In a report issued last week the UK-based analysts detailed some of the challenges facing the producers and service companies in the years to come.

“In a world where technology and environmental threats are changing industries and society so rapidly, the slowly turning supertanker is not an image that excuses inertia in oil and gas companies and those who deal with them,” wrote John Mitchell. He collaborated on the report with Valerie Marcel and Beth Mitchell. The global energy industry constantly has transformed itself over the years, but a “combination of changes that the industry now faces requires epic rather than incremental responses…to evolve and prosper.”

The report doesn’t offer quantitative predictions because the “future cannot be predicted with any confidence, especially while the present (2012) economic difficulties persist.” In any case, industry strategies will be reliant on government policies, which today are driven by “climate change policies, as well as economic and physical security.”

Natural gas reserve growth across the globe is a certainty, but the question is “where and when,” said Mitchell. “New perceptions about the potential supply of conventional and unconventional gas (such as shale gas) at relatively low cost are creating the possibility of unexpected expansion of gas markets in most parts of the world,” Mitchell wrote. “For this to happen each major region needs prices, which are low enough to increase demand but high enough to increase supply.”

Two years ago Chatham House analysts said the U.S. shale revolution had created “huge uncertainties” for international natural gas markets that could inhibit investment (see NGI, Sept. 27, 2010).

Increasing natural gas demand will rely in part on government action, analysts said. Gas imports may seem “risky” to some countries. And to build power demand, which now consumes an estimated 40% of world gas production, “the market for gas depends on government policies for coal, nuclear and renewables rather than on factors intrinsic to the gas industry.”

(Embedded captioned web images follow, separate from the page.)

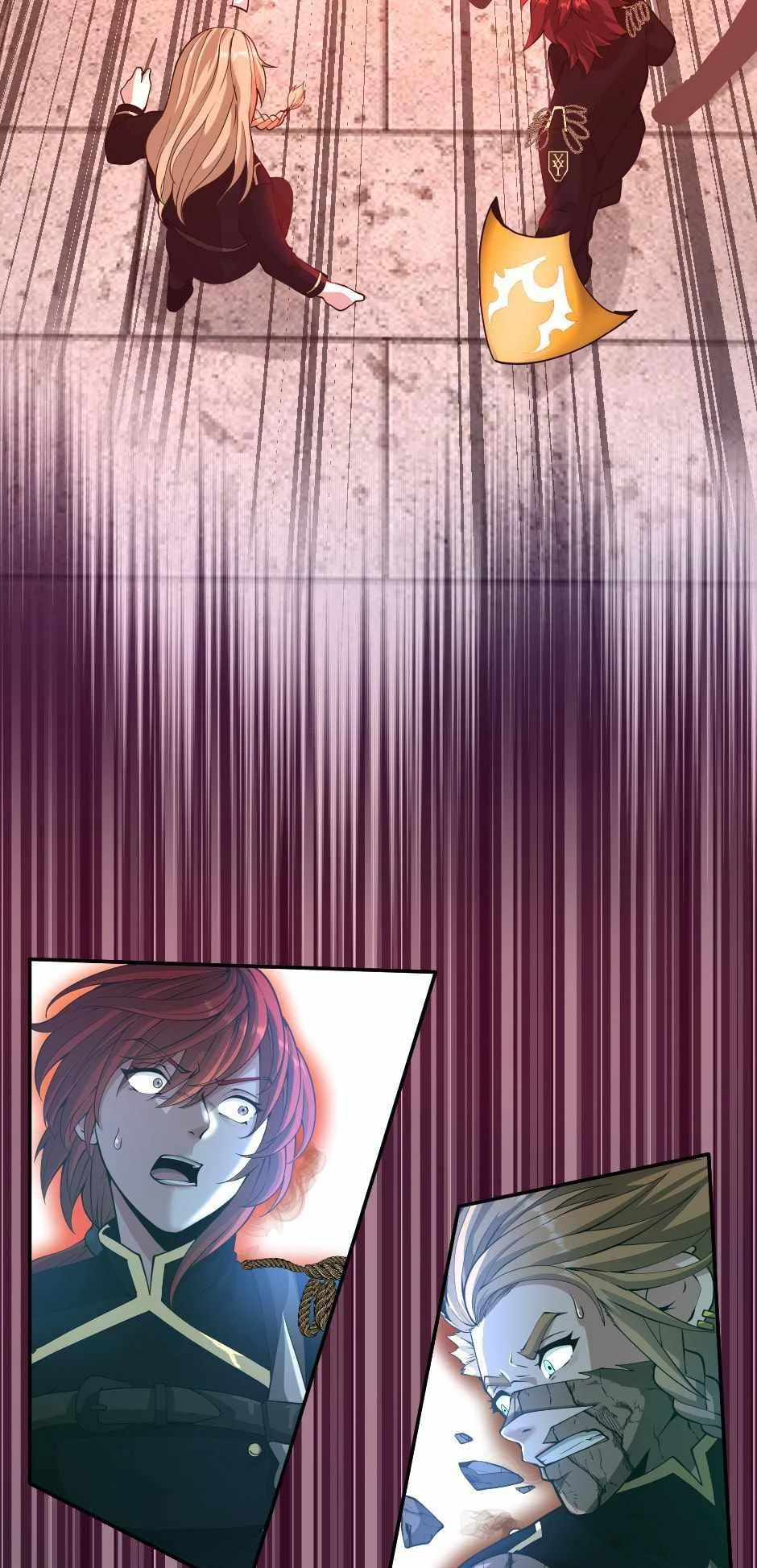 The Beginning After the End ตอนที่ 134 page 16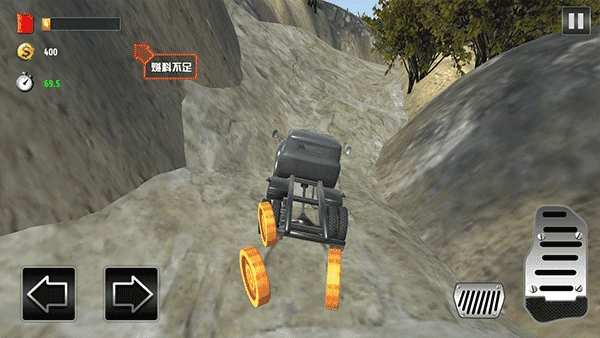 越野卡车模拟3D(2)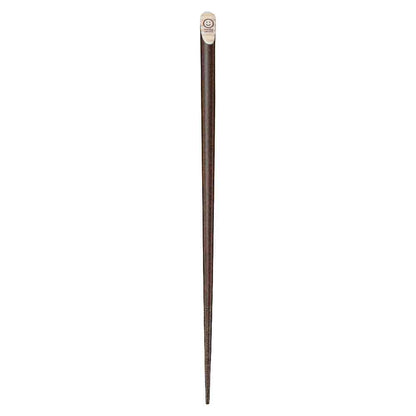 Ishida Initial Chopsticks Lucky Smile 23cm 1 Piece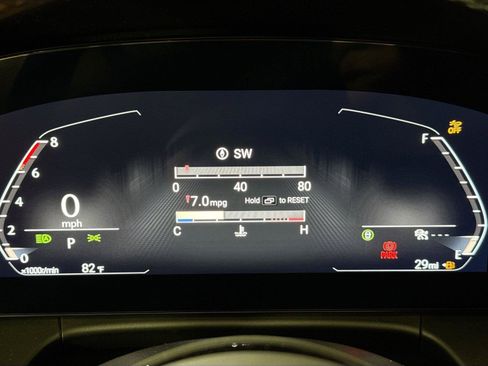 New 2026 MAZDA CX-5 Preferred AWD/4WD image 21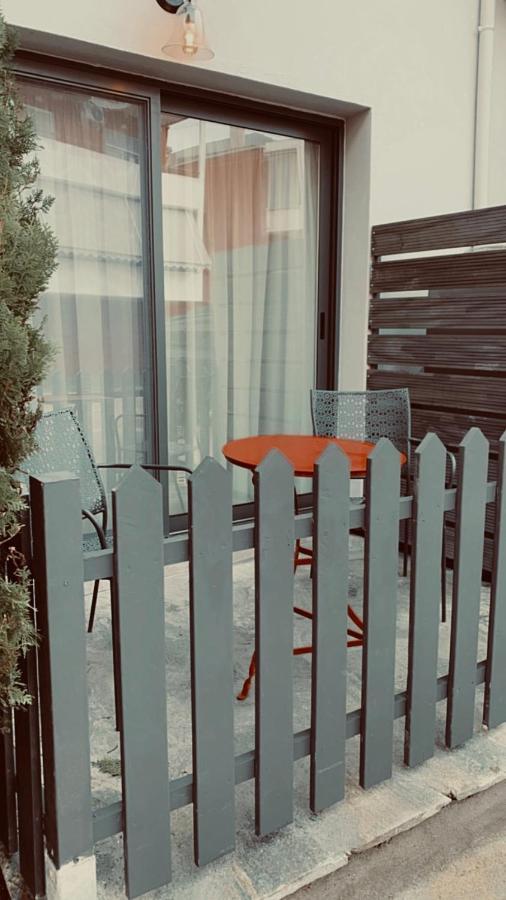 My Home Ioannina Exterior foto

Many producers are switching their emphasis to gas from oil, but “the policies and dynamics influencing the utilities sector — and potentially transport — will be of growing strategic concern. Because a ‘golden age for gas’ may not prevail soon or everywhere, investors will be concerned about the cost-competitiveness of new projects.” The International Energy Agency last year said the world was entering a “golden age” in part because of growing unconventional reserves, environmental concerns about coal-fired plants and less reliance on nuclear power (see NGI, June 13, 2011).

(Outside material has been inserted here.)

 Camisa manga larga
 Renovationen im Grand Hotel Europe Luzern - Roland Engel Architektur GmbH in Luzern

The term “peak oil” also no longer applies, said Mitchell. “The foreseeable problem is not finite resources but the rate at which these very large resources can be converted into reserves for potential production. Reserves of oil and gas have each more than doubled since 1980 — faster than the increase in production. Technologies are developing which are creating new reserves of unconventional oil, as they already have for gas.

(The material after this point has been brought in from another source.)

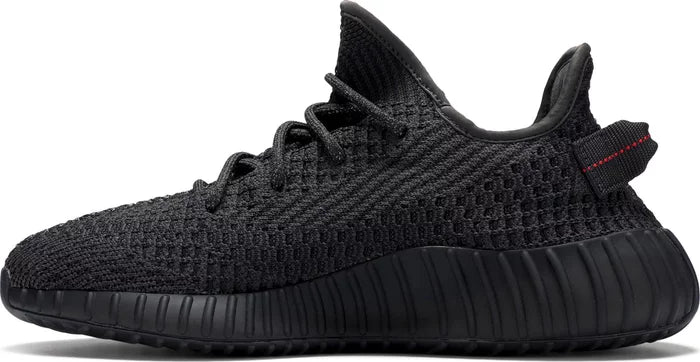Adidas Yeezy Boost 350 V2 'Black’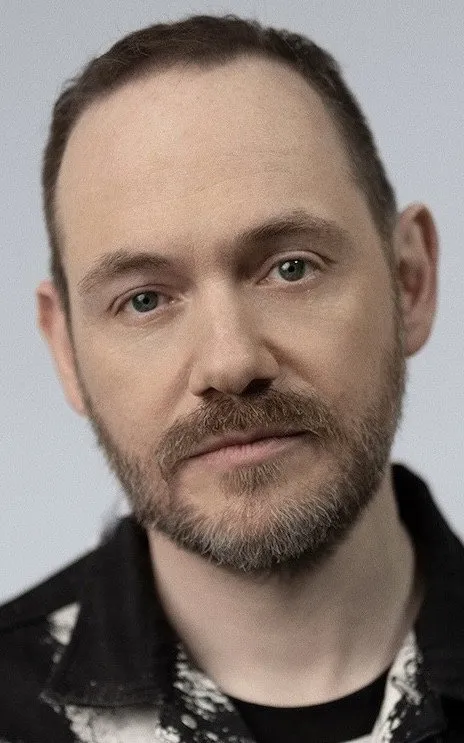 Iain Cook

“These technologies have more places to go, many of them outside the existing oil-exporting countries. These new areas are opening a field of growth for private sector companies, which was not foreseen a few years ago…With demand vulnerable to other industries, and supply growing from unconventional sources and new areas, there is no long-term escalator for oil prices. There is no clear trend; all depends on investment by competitors for the transport market and on the creation of new reserves.”

The oil industry won’t be able to rely on its monopoly of the transport market in the future because it’s being reduced by competition from other industries, according to the report. The role of OPEC also will change as the “oil security problem” moves to Asia. Asian markets are absorbing more oil than the Middle East can supply, noted the report. “This changes the security of supply problem. For Western countries, the risk is price, not supply, since disruptions to Asian supplies will affect the world oil price.”

Mitchell questioned how far the United States would go to defend sea lanes that “mainly benefit Asian countries which import oil from the Middle East.” Asian countries may seek to provide their own protection, individually or collectively. However, the questions “cannot be separated from the wider issues of U.S. military arrangements in Asia and conflicts there, which may prevent the development of cooperative Asian response mechanisms either for physical protection or in order to share supplies.”